La preocupación por la inteligencia de las nuevas generaciones en comparación con sus padres y abuelos ha cobrado relevancia en los últimos años, especialmente en 2026. La cognición ha mostrado un desalentador retroceso: la Generación Z ha registrado niveles de inteligencia inferiores a los de los Millennials. Este fenómeno, que a primera vista puede parecer sorprendente, se apoya en datos concretos y estudios globales que confirman una tendencia alarmante.
Desde finales del siglo XIX, cada nueva generación superaba a la anterior en pruebas de desarrollo cognitivo. Sin embargo, recientes investigaciones han evidenciado que este patrón se ha invertido dramáticamente. En enero de 2026, el neurocientífico Jared Cooney Horvath presentó un testimonio contundente ante el Senado de los Estados Unidos, advirtiendo sobre este descenso. Se trata de una crisis que trasciende fronteras, afectando a más de 80 países y manifestándose a través de una caída sistemática en puntuaciones de coeficiente intelectual (CI), memoria, comprensión lectora y habilidades matemáticas.

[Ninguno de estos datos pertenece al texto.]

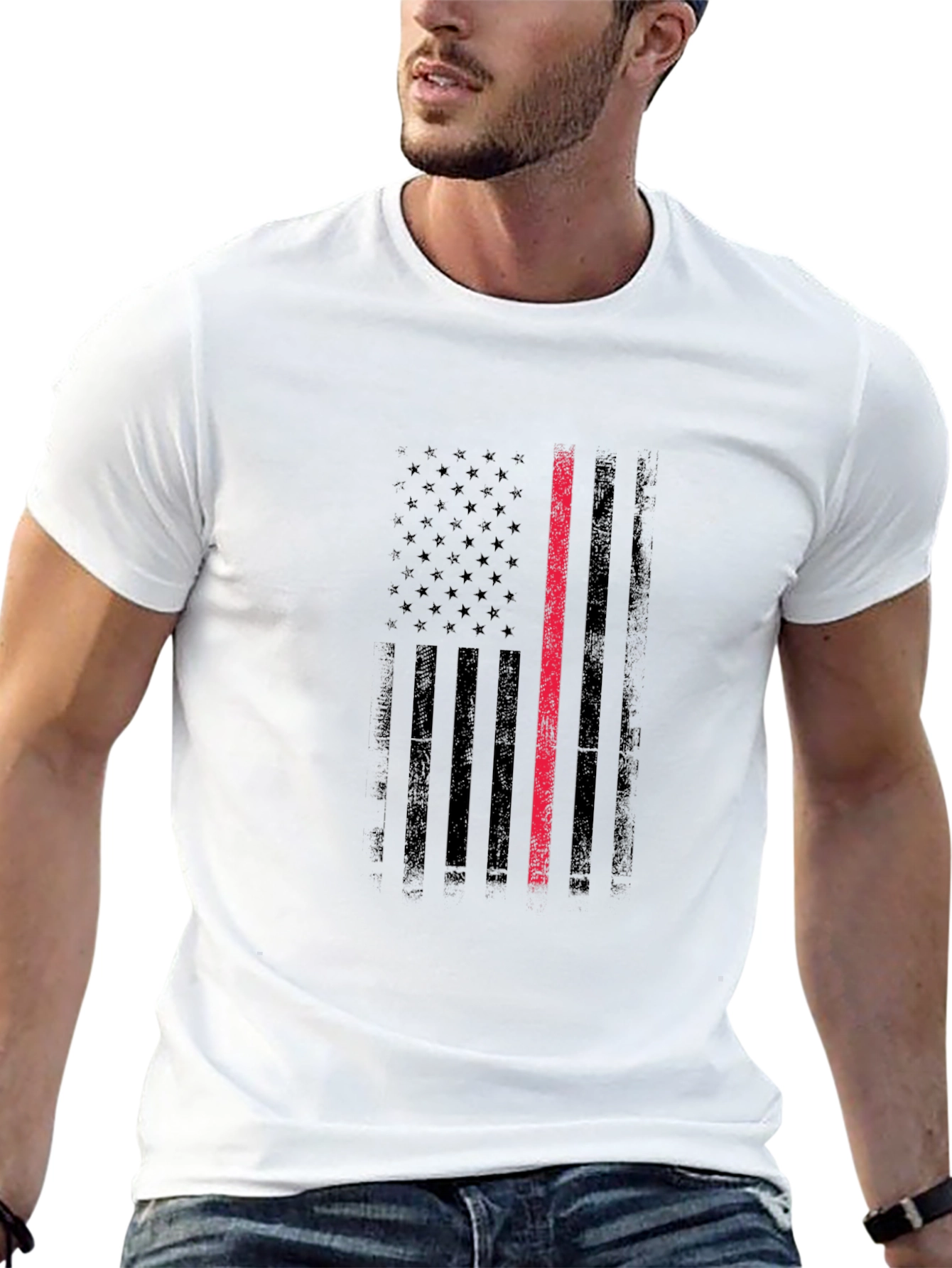 Thin Red Line Flag Graphic T-Shirt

El Centro de Investigación Económica Ragnar Frisch en Noruega subraya esta realidad al revelar que los ciudadanos nacidos después de 1975 presentan un CI que se desploma en relación a generaciones previas, contraviniendo lo que se consideraba una evolución educativa constante. Este descenso no se limita a Europa; también se observa en naciones de América Latina, donde el promedio de inteligencia varía, siendo Uruguay uno de los que se mantiene ligeramente por encima en la región.
La pregunta que surge es: ¿cómo es posible que una generación con acceso ilimitado a la información sea menos inteligente? Los expertos apuntan a la proliferación de pantallas en entornos educativos desde 2010 como causa principal del estancamiento cerebral. La paradoja es evidente: la herramienta diseñada para democratizar el conocimiento ha erosionado las habilidades necesarias para procesarlo. En lugar de la lectura profunda, los jóvenes son seducidos por contenidos rápidos, llevando a una ilusión de conocimiento que desdibuja su comprensión real de los temas.
Frente a esta realidad, Dinamarca ha tomado medidas innovadoras. A partir del año escolar 2025/2026, el gobierno decidió retirar smartphones, tablets y computadoras de las aulas, restableciendo el aprendizaje tradicional. Los resultados son prometedores: los estudiantes han recuperado su capacidad de concentración, lo que refleja la efectividad de métodos que respetan los tiempos de procesamiento del cerebro humano. Este modelo escandinavo muestra que el avance real puede radicar en regresar a enfoques educativos más sólidos.
Se plantea un interrogante crucial: ¿estamos dispuestos a revisar nuestras políticas educativas y estrategias tecnológicas? Mientras muchos países continúan apostando sin reservas por la digitalización en las aulas, el reto será decidir si se prioriza la educación profunda o si se opta por mantener el statu quo que podría llevar a un mayor deterioro de la cognición en futuras generaciones. Las enseñanzas de las generaciones pasadas, junto a su forma de estudiar y aprender, podrían ofrecer valiosas lecciones para embaucar a los jóvenes en un camino más productivo y enriquecedor.